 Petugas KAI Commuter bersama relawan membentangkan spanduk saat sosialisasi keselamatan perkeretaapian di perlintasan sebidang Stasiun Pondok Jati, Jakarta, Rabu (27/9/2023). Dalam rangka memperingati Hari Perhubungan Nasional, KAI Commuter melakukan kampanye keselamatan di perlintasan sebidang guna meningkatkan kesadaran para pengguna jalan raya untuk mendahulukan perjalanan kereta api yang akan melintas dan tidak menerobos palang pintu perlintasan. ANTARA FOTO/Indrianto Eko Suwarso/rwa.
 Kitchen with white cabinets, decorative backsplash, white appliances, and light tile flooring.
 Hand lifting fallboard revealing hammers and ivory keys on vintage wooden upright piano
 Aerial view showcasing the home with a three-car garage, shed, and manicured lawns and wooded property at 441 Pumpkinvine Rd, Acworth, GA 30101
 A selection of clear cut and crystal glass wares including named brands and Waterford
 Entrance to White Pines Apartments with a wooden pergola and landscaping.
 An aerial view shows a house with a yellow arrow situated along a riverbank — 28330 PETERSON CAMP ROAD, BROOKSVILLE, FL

* * *

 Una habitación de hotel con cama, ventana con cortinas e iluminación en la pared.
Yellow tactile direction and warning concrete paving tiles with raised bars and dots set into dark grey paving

* * *

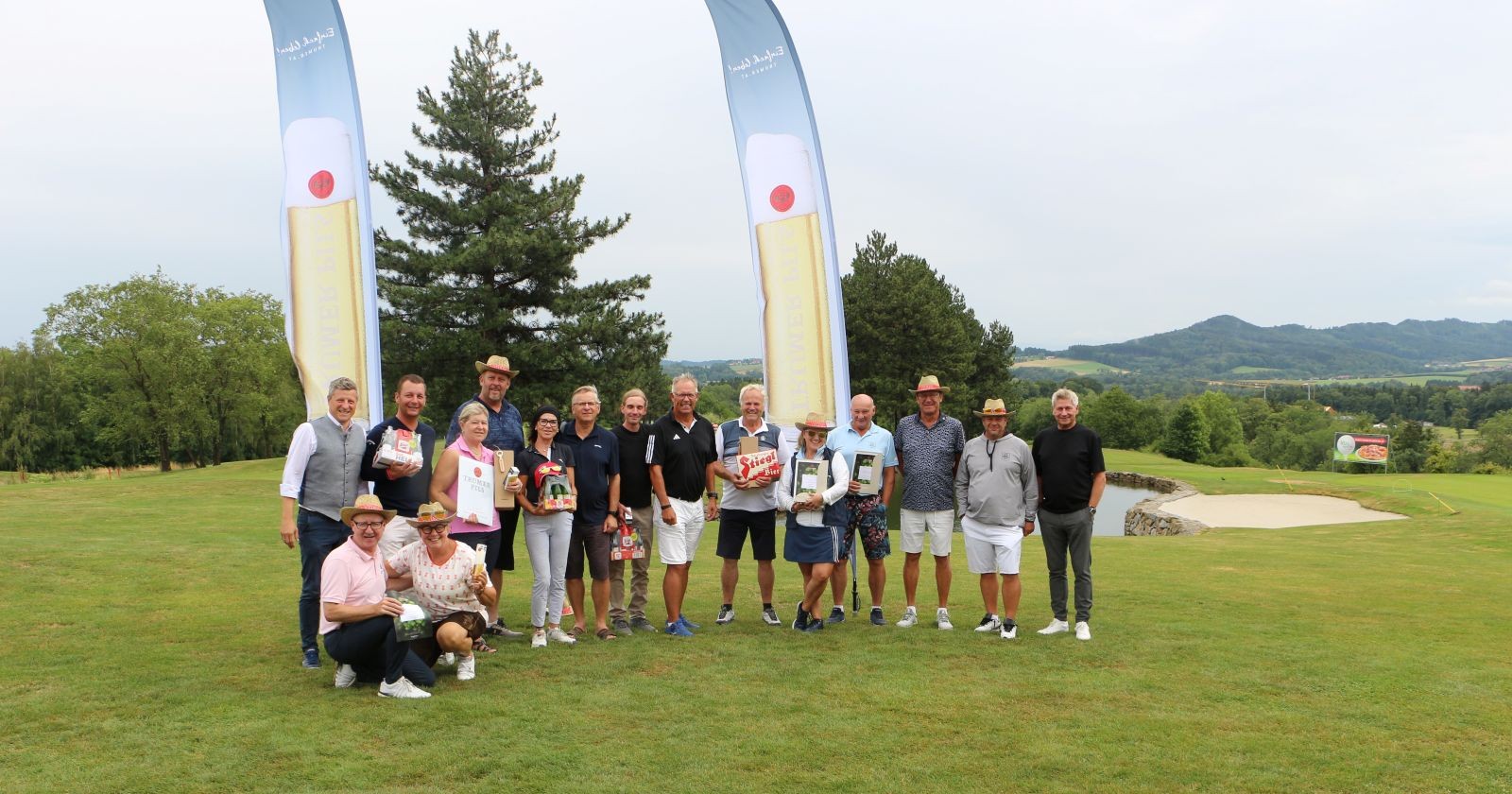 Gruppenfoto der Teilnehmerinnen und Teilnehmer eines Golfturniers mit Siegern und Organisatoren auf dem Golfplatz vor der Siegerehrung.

_Work to complete_
Tally the lines above that include "view", and reply with only the tally.

_The completed task_
2